The mix of license models has been controversial among open-source believers, but Urlocker said it's vital to MySQL's success. "We're not a religion, we're not a cult, were not a charity--we're a business," he said. "There's always going to be grassroots people...who see open source as a free ride, but there are corporate customers who are absolutely willing to pay for reliability, flexibility, support."

Matt Asay, director of Novell's Linux business office, agreed that flexible licensing terms, along with support and services, are important for making a business out of open-source products.

"The perception has changed--people no longer feel like they're going to get something for nothing," Asay said. "But they're paying for something different. (In the case of licensing), they're paying for something that gives them freedom."

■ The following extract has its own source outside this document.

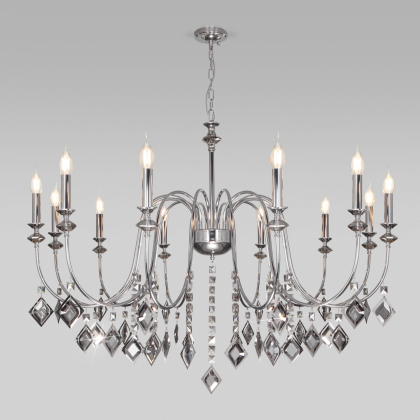 Подвесная люстра Telao 10120/12 хром/дымчатый хрусталь Strotskis Smart Eurosvet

"Linux is a way of bringing the total cost of the (software) stack down," Asay continued, "and that's the big motivator for a lot of businesses investigating Linux, but there's still plenty of money to be made there."

It also helps to not be a purely open-source company, said Steve Gerdt, program manager for open-source strategy at IBM. While Big Blue is amid a major Linux push, the company stills sells a lot of proprietary software, much of which gets integrated into Linux environments, he said.

"A lot of people talk about open-source versus commercial, but they're not mutually exclusive," he said. "Don't view it as an all-or-nothing prospect. Open source behaves nicely with proprietary software. Figure out the right mix for your business."